> EXERCISE AIM: Your copy should hold only the lines from the one holding "Monsoon kadınlar ariel" through the last line of the records below, both included, each exact and with no pictures.

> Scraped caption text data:
------------------------------------------------------------
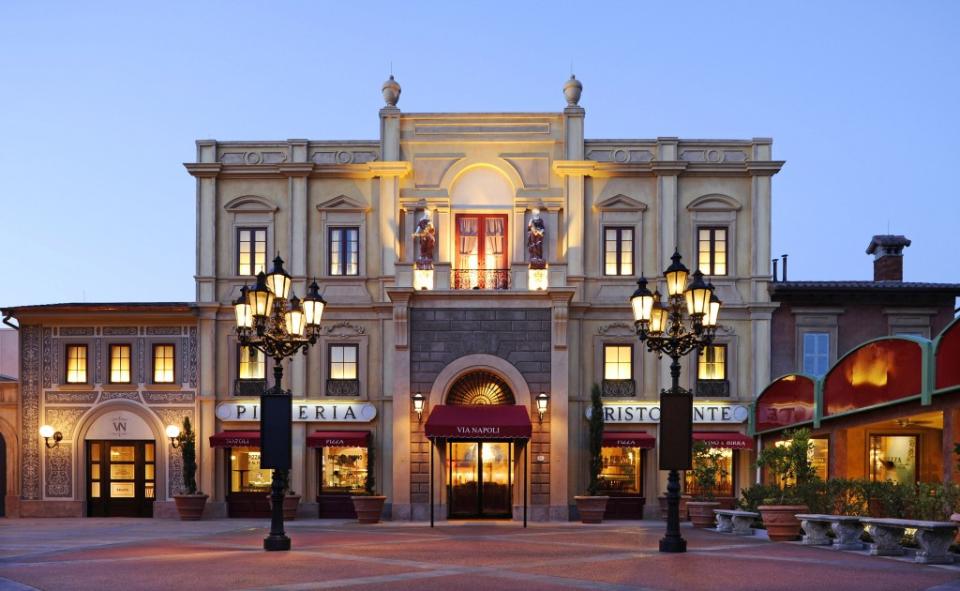 Via Napoli is a casual pizzeria in the Italy pavilion at Epcot, featuring a selection of Neapolitan pizzas. The architecture and design of the pizzeria is based on a mix of traditional Italian styles. (Disney)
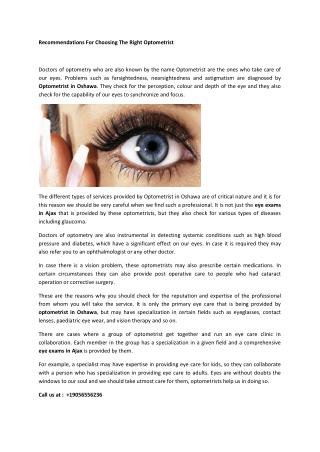 Recommendations For Choosing The Right Optometrist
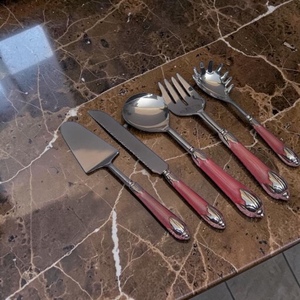 Ensemble de service classique plaqué argent avec poignées roses, finition miroir, longues poignées, ustensiles de mariage, cuillère, fourchette, couteau en métal - Product Image 4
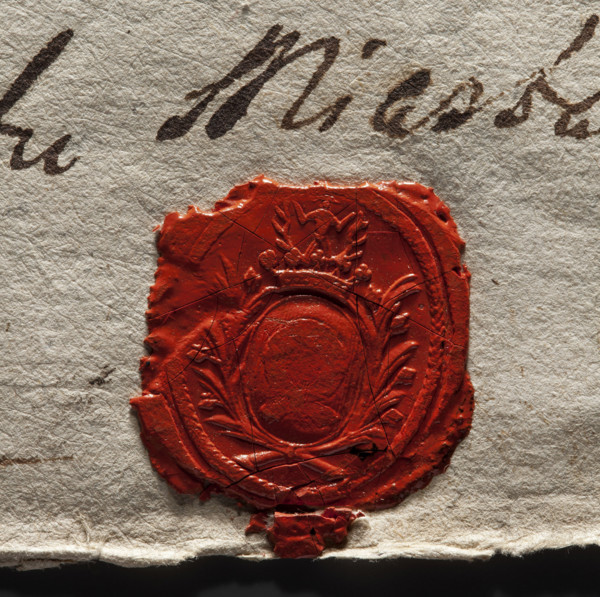 Oval wax seal impression of the town of Luków, Podlaskie Voivodeship. In the oval cartouche the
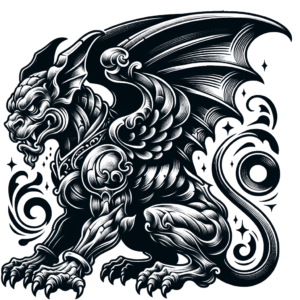 Gargoyle In Neo Traditional Tattoo Style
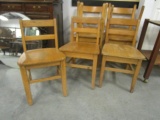 7 Wood Schoolhouse Chairs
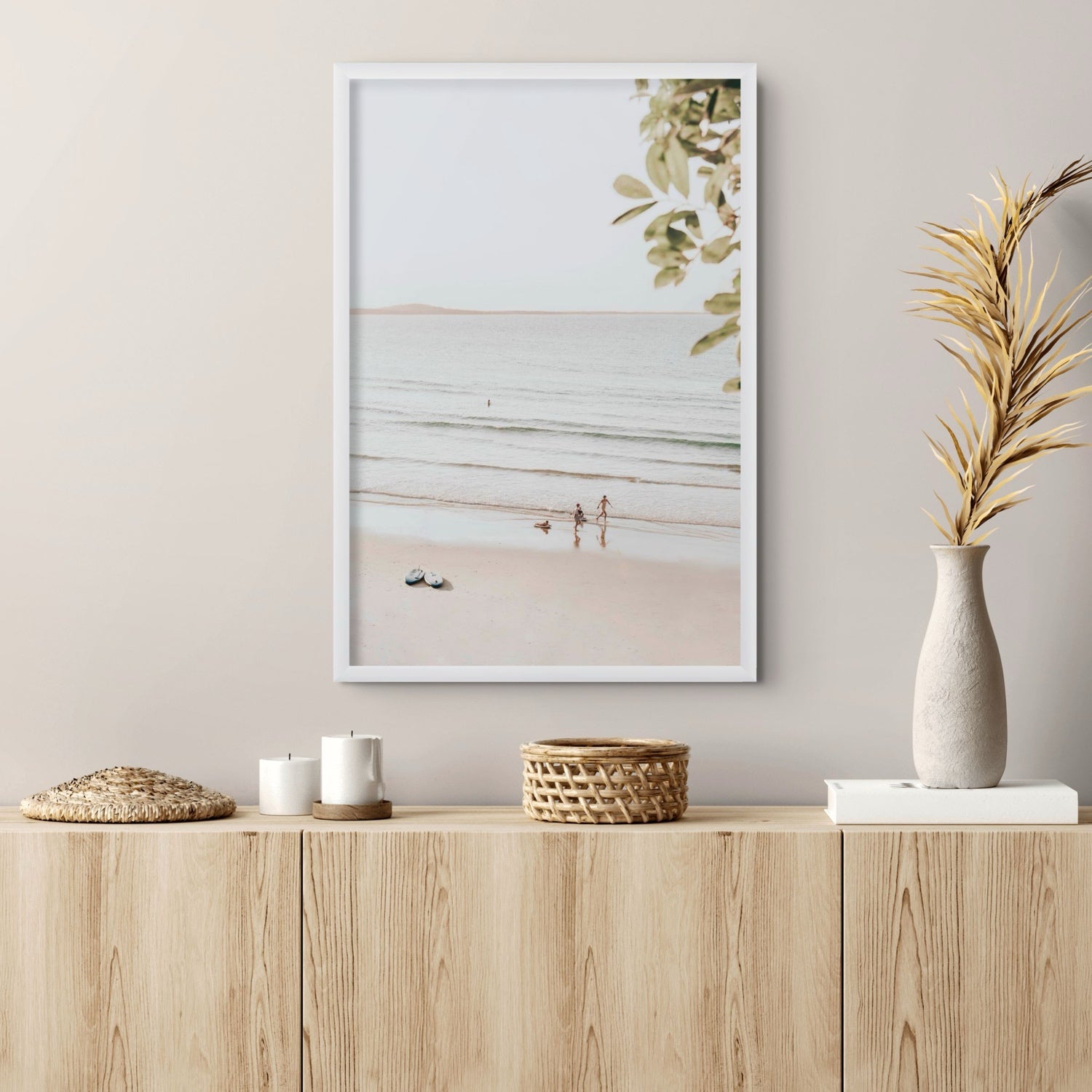 Lifestyle image of Walking On Sunshine fine art print, Noosa, Australia, coastal scenes artwork, 02 walking on sunshine a white full bleed 2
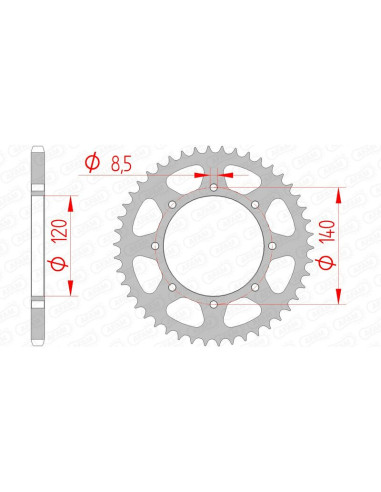 Couronne AFAM acier standard 16600 - 520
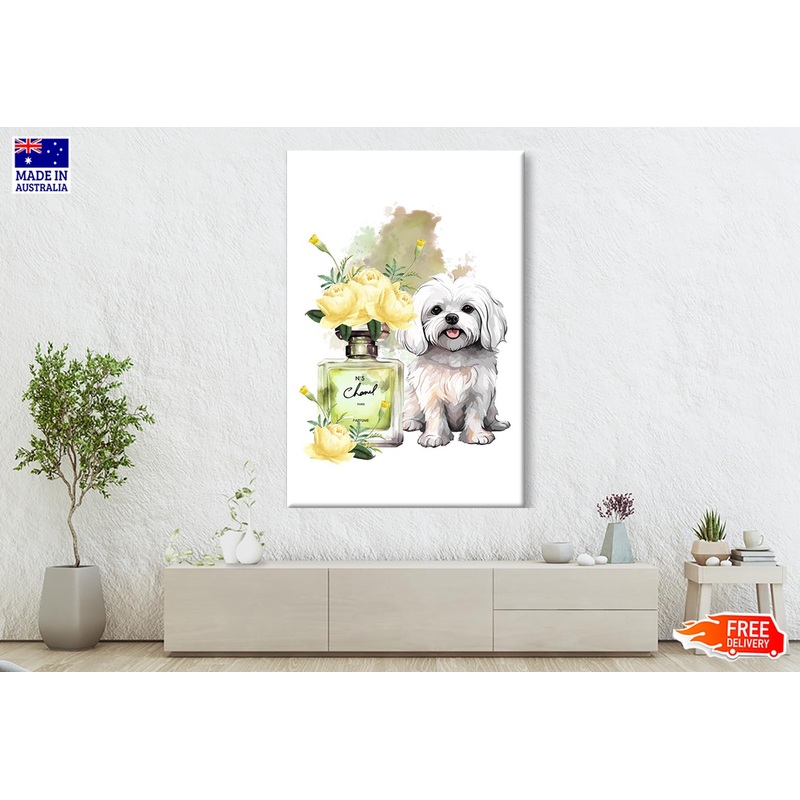 Yellow Perfume, Dog Wall Art Limited Edition High Quality Print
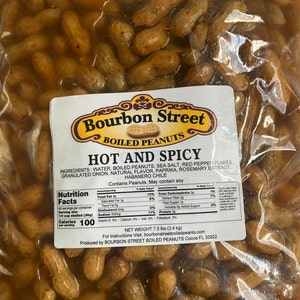 7.5 lbs Hot & Spicy Flavored boiled peanuts, Flavors like this you will only find in the French quarter.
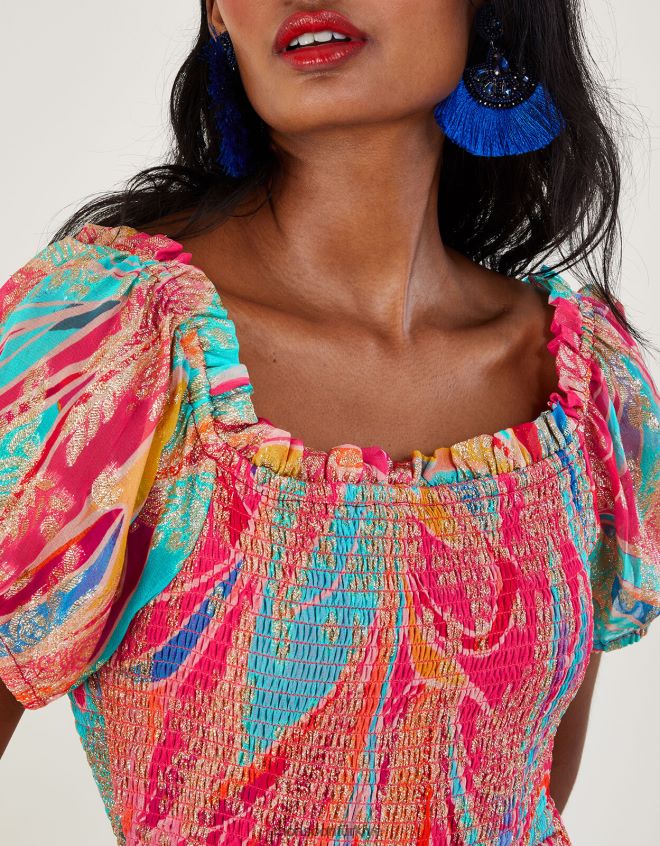 Monsoon kadınlar ariel metalik uzun elbise JH86BT558 Giyim çok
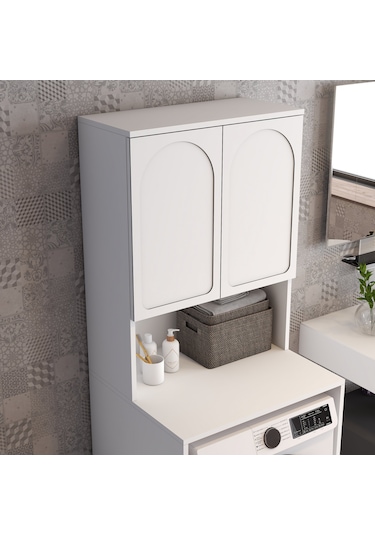 Lyon Çamaşır Makinesi Dolabı V102 - Beyaz Beyaz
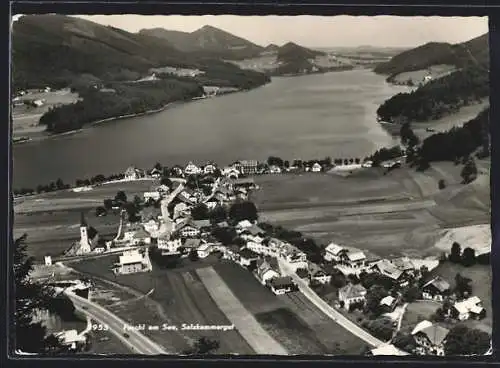 AK Fuschl am See, Ortsansicht mit Fuschlsee, Fliegeraufnahme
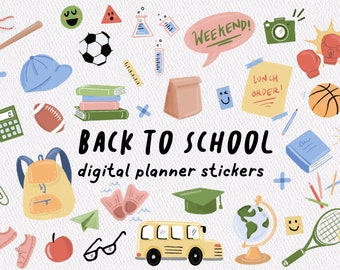 Back To School Digital Planner Stickers | GoodNotes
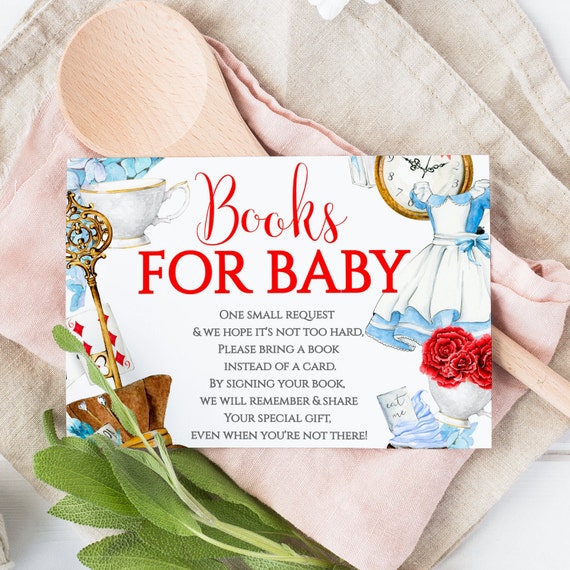 Alice in Wonderland Baby Shower Bring A Book, Bring a Book Card, Printable, Alice Baby Shower, Tea Party, Invitation Insert, Book Instead Of Il_570xn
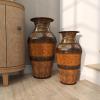 imageDeco 79 Metal Decorative Vase Indoor Outdoor Large Centerpiece Vases with Floral Relief Set of 2 Flower Vases for Home Decoration 29quot 22quotH Brown29 x 22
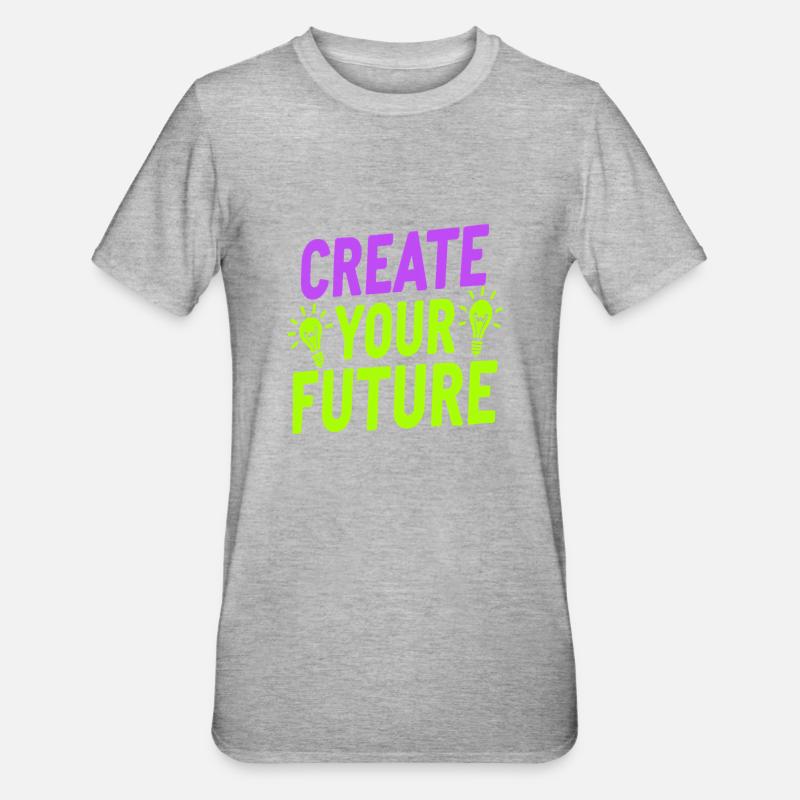 Create Your Future Light Bulb - Unisex Polycotton T-Shirt - heather grey
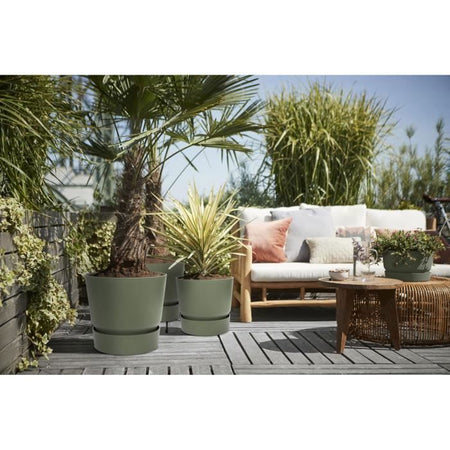 Vaso da fiori rotondo ELHO Greenville 30 - Esterno -  29,5 x H 27,8 cm - Verde foglia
------------------------------------------------------------
> SOLUTION FOR THIS TASK:
 Monsoon kadınlar ariel metalik uzun elbise JH86BT558 Giyim çok
 Lyon Çamaşır Makinesi Dolabı V102 - Beyaz Beyaz
 AK Fuschl am See, Ortsansicht mit Fuschlsee, Fliegeraufnahme
 Back To School Digital Planner Stickers | GoodNotes
 Alice in Wonderland Baby Shower Bring A Book, Bring a Book Card, Printable, Alice Baby Shower, Tea Party, Invitation Insert, Book Instead Of Il_570xn
 imageDeco 79 Metal Decorative Vase Indoor Outdoor Large Centerpiece Vases with Floral Relief Set of 2 Flower Vases for Home Decoration 29quot 22quotH Brown29 x 22
 Create Your Future Light Bulb - Unisex Polycotton T-Shirt - heather grey
 Vaso da fiori rotondo ELHO Greenville 30 - Esterno -  29,5 x H 27,8 cm - Verde foglia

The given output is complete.